Anastos, the board’s chair, said MaineHousing has put too much emphasis on social and green-energy policy. The scoring process for applications should award points for lower-cost projects and deduct them for high-cost projects, he said.

McCormick addressed some criticisms of MaineHousing, saying that the developers they choose have never been required to pay union wages and that they are no longer required to install solar water heaters. An incentive to provide health insurance to construction workers also has been eliminated, she said.

She said that comparisons of multi-family developments to single-family home prices are misleading. Multi-family units have to meet higher standards including pre-funding major capitol repairs, installation fire sprinklers and elevators and handicapped accessibility.

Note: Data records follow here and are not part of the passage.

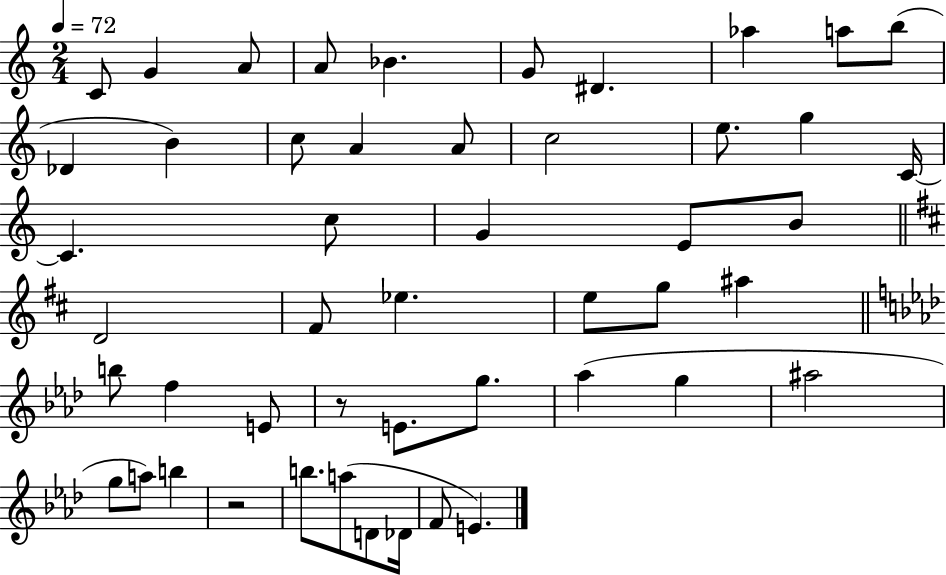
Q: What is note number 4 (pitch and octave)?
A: A4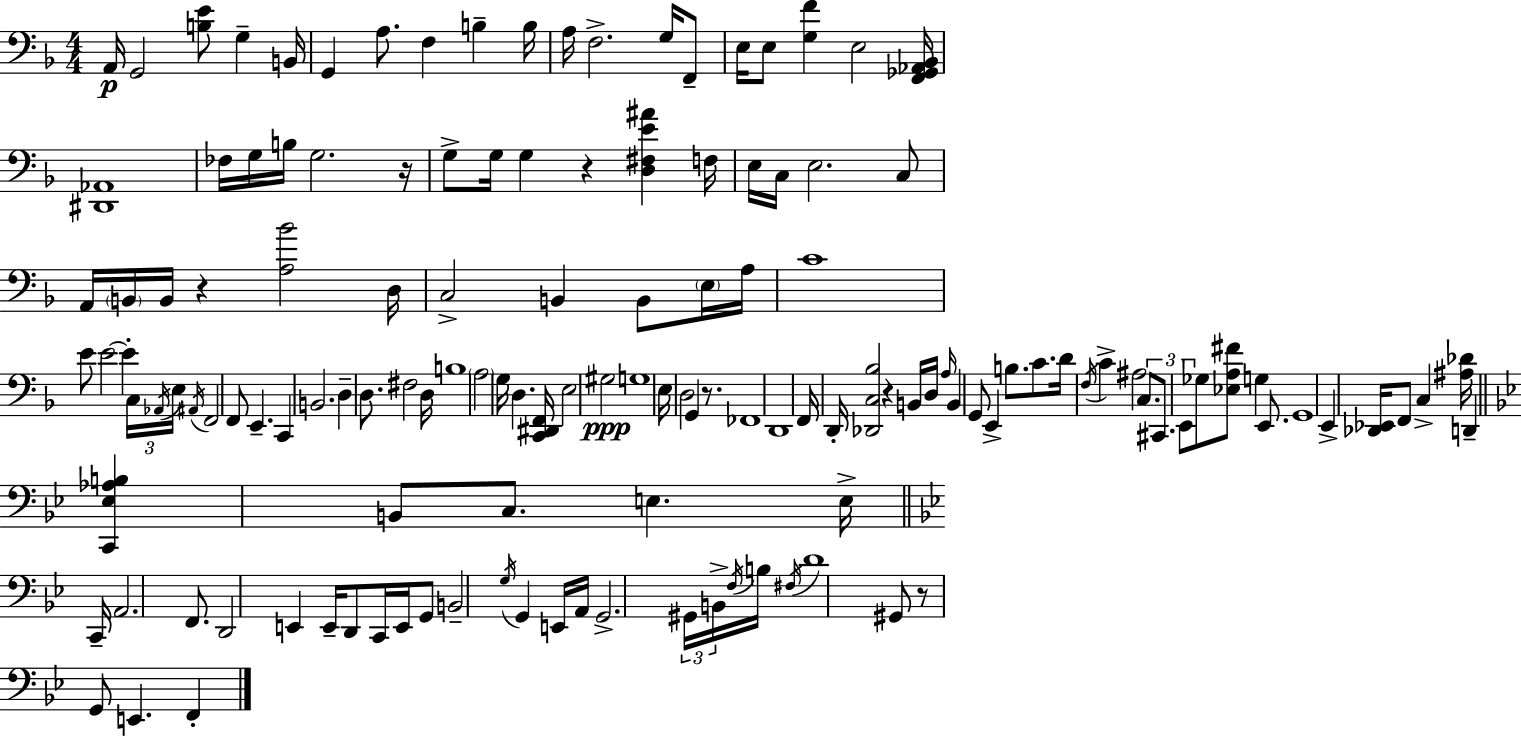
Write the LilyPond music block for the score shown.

{
  \clef bass
  \numericTimeSignature
  \time 4/4
  \key f \major
  \repeat volta 2 { a,16\p g,2 <b e'>8 g4-- b,16 | g,4 a8. f4 b4-- b16 | a16 f2.-> g16 f,8-- | e16 e8 <g f'>4 e2 <f, ges, aes, bes,>16 | \break <dis, aes,>1 | fes16 g16 b16 g2. r16 | g8-> g16 g4 r4 <d fis e' ais'>4 f16 | e16 c16 e2. c8 | \break a,16 \parenthesize b,16 b,16 r4 <a bes'>2 d16 | c2-> b,4 b,8 \parenthesize e16 a16 | c'1 | e'8 e'2~~ e'4-. \tuplet 3/2 { c16 \acciaccatura { aes,16 } | \break e16 } \acciaccatura { ais,16 } f,2 f,8 e,4.-- | c,4 b,2. | d4-- d8. fis2 | d16 b1 | \break \parenthesize a2 g16 d4. | <c, dis, f,>16 e2 gis2\ppp | g1 | e16 d2 g,4 r8. | \break fes,1 | d,1 | f,16 d,16-. <des, c bes>2 r4 | b,16 d16 \grace { a16 } b,4 g,8 e,4-> b8. | \break c'8. d'16 \acciaccatura { f16 } c'4-> ais2 | \tuplet 3/2 { c8. cis,8. e,8 } ges8 <ees a fis'>8 g4 | e,8. g,1 | e,4-> <des, ees,>16 f,8 c4-> <ais des'>16 | \break d,4-- \bar "||" \break \key bes \major <c, ees aes b>4 b,8 c8. e4. e16-> | \bar "||" \break \key bes \major c,16-- a,2. f,8. | d,2 e,4 e,16-- d,8 c,16 | e,16 g,8 b,2-- \acciaccatura { g16 } g,4 | e,16 a,16 g,2.-> \tuplet 3/2 { gis,16 b,16-> | \break \acciaccatura { f16 } } b16 \acciaccatura { fis16 } d'1 | gis,8 r8 g,8 e,4. f,4-. | } \bar "|."
}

MaineHousing has reduced the cost of new construction projects since 2006, McCormick said.

In addition, the use of the state historic tax credit, in place since 2008, reduces the amount of MaineHousing funding for historic rehabilitation projects below the cost for new construction, she said.

Board members, including Poliquin and Don Capoldo, questioned the use of historic properties for affordable housing, but board member Sheryl Gregory spoke in favor of the practice.

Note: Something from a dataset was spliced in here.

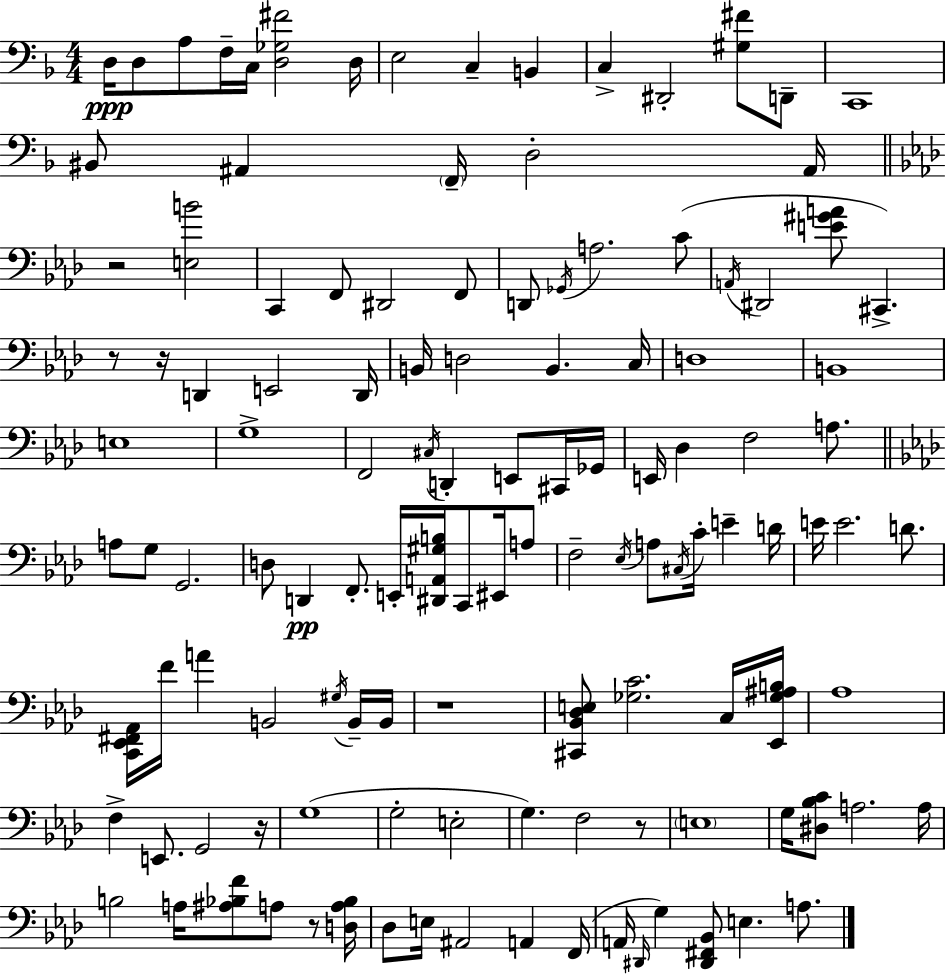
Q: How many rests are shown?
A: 7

A comparison of the $180,078-per-unit Sullivan School project in Berwick and the $272,012-per-unit Park Street School project in Kennebunk shows that developments in historic buidings don’t necessarily cost a lot, Gregory said.

Finding new uses for those buildings benefits their neighborhoods, she said, and tenants benefit from having access to shopping and medical facilities in the community.

“You can build a ticky-tacky building out in the hinterlands for next to nothing,” Gregory said. “Will it be there in 20 years? I don’t know. It depends on how strong the wind is on a given day.”